Substituting equation (12) into the objective function (11), we have equation (17). Since the objective function (17) is logarithm, function, it is monotonically increasing with $P_{ji}^{D}$ and deceasing with $P_{i}^{C}$ and $P_{Bi}$ . Then, we should on one hand set $P_{ji}^{D}$ as high as possible and on the other hand set $P_{i}^{C}$ and $P_{Bi}$ as lower as possible in order to maximize D2D throughout. From Figure 4, it is easy to known the optimal solution $P_{ji}^{D^{*}}$ is located at one of point in ${P_{D}^{MAX}, P_{y_{C}}^{D}, P_{y_{D}}^{D}}$ . Note that the feasible transmit power of D2D pair in UL and DL phases should be overlapped, so that the D2D pair can reuse the channel of CU in both UL and DL phases. Correspondingly, the optimal transmit powers of CUs, eNB and optimal throughput $Π_{ji}$ of D2D pair $D_{j}$ under channel $C_{i}$ can be obtained

P_{ji}^{D *} = min {P_{D}^{MAX}, P_{y_{C}}^{D}, P_{y_{D}}^{D}}

(18)

We traverse the set of D2D pair $j \in S$ and CU $i \in R_{j}$ , then get matrix $[Π_{ji}]_{N \times M}$ of all D2D pairs and CUs combinations. Note that if $j \notin S$ or $i \notin R_{j}$ , then the power $P_{ji}^{D} = 0$ and $Π_{ji} = 0$

\begin{matrix} A = (P_{x_{A}}^{C}, P_{y_{A}}^{D}) = {\begin{matrix} \frac{N_{0} γ^{UL, C} (g_{jj} + g_{Bj} γ_{min}^{d})}{g_{jj} g_{Bi} - γ^{UL, C} γ_{min}^{d} g_{ij} g_{Bj}} \\ \frac{γ_{min}^{d} (g_{ij} γ^{UL, C} + g_{Bi})}{g_{jj} g_{Bi} - γ^{UL, C} γ_{min}^{d} g_{ij} g_{Bj}} \end{matrix}} \end{matrix}

(19)

\begin{matrix} B = (P_{x_{B}}^{C}, P_{y_{B}}^{D}) = {\begin{matrix} \frac{N_{0} γ^{DL, C} (g_{jj} + g_{ij} γ_{min}^{d})}{g_{jj} g_{Bi} - γ^{DL, C} γ_{min}^{d} g_{ij} g_{Bj}} \\ \frac{γ_{min}^{d} (g_{ij} γ^{DL, C} + g_{Bi})}{g_{jj} g_{Bi} - γ^{DL, C} γ_{min}^{d} g_{ij} g_{Bj}} \end{matrix}} \end{matrix}

(20)

\begin{matrix} C = (P_{x_{C}}^{C}, P_{y_{C}}^{D}) = {\begin{matrix} P_{B}^{MAX} \\ \frac{P_{B}^{MAX} g_{Bi} - γ^{DL, C} N_{0}}{γ^{DL, C} g_{ij}} \end{matrix}} \end{matrix}

(21)

\begin{matrix} D = (P_{x_{D}}^{C}, P_{y_{D}}^{D}) = {\begin{matrix} P_{C}^{MAX} \\ \frac{P_{C}^{MAX} g_{Bi} - γ^{UL, C} N_{0}}{γ^{UL, C} g_{Bj}} \end{matrix}} \end{matrix}

(22)

Subcarrier assignment

In this section, the optimal assignment is found for D2D pair $D_{j}$ and CU $C_{i}$ to maximize total throughput of all D2D pairs. After getting throughput of D2D pair $D_{j}$ on each channel $C_{i}$ , the original problem P1 is converted into P3.
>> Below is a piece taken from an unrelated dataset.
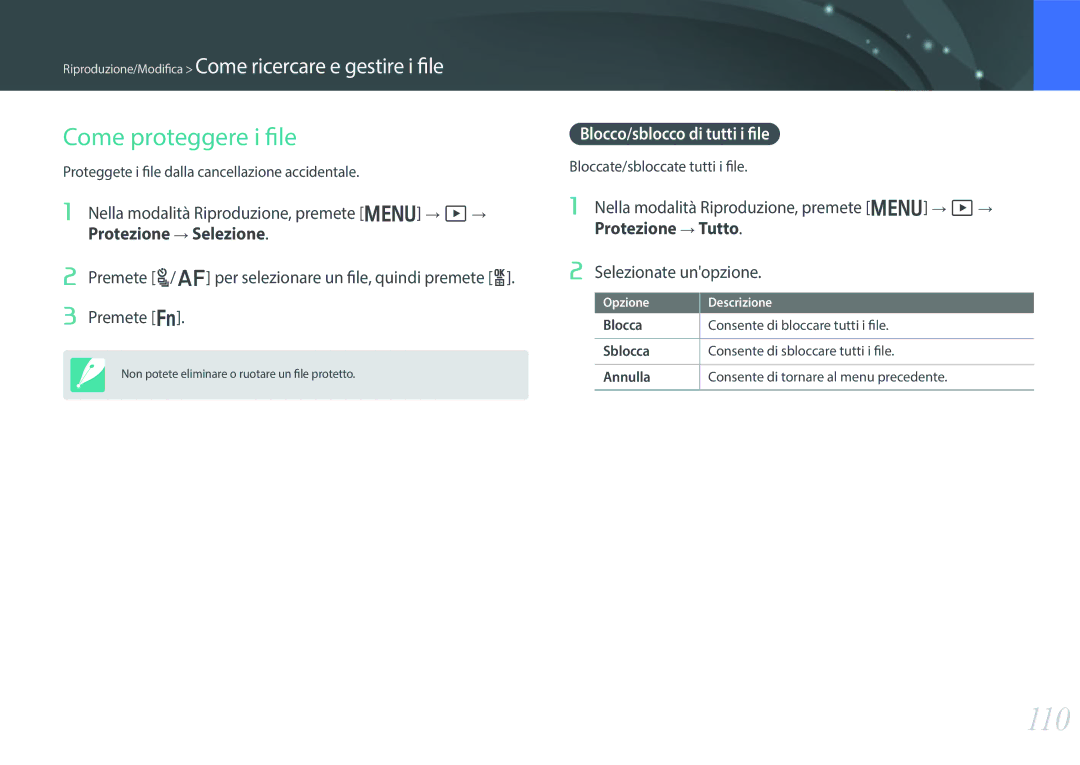 Samsung EV-NX300ZBSTIT, EV-NX300ZBQUIT manual 110, Come proteggere i file, Blocco/sblocco di tutti i file 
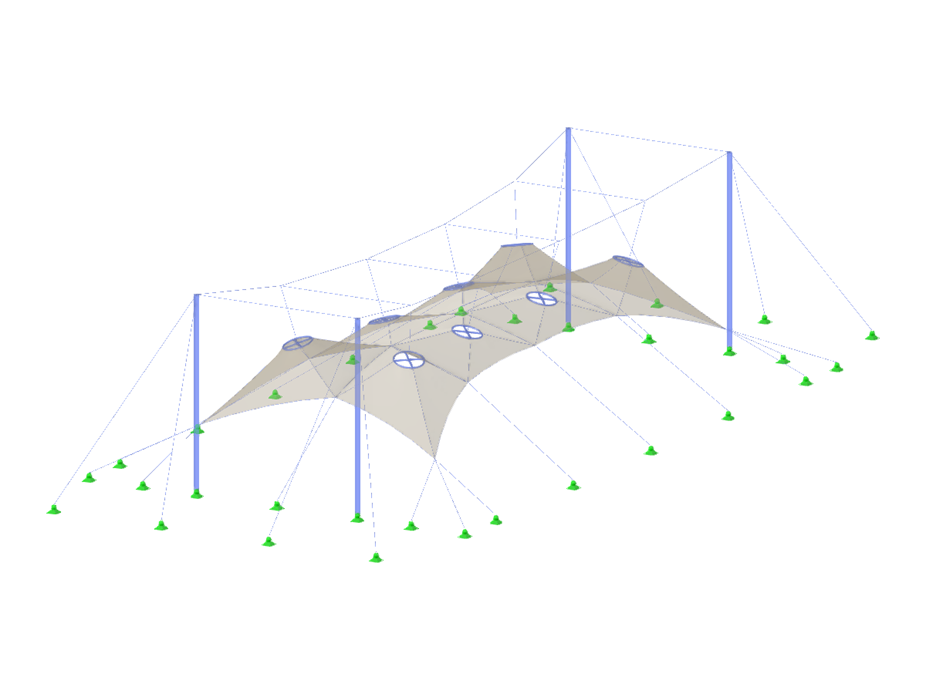 Model 003816 | TMS061 | Membrane Structure with Four Columns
Because each D2D pair has more than one reusable CU partners the same CU may be the best partner for different D2D pairs. We may need to M! permutations and combinations to find the optimal solution and the complexity grows exponentially with the increasing of the number of UEs, so this enumeration method is not feasible in practice. Therefore, we construct the maximum-weight bipartite graph matching model to find the subcarrier assignment, thus reducing the complexity.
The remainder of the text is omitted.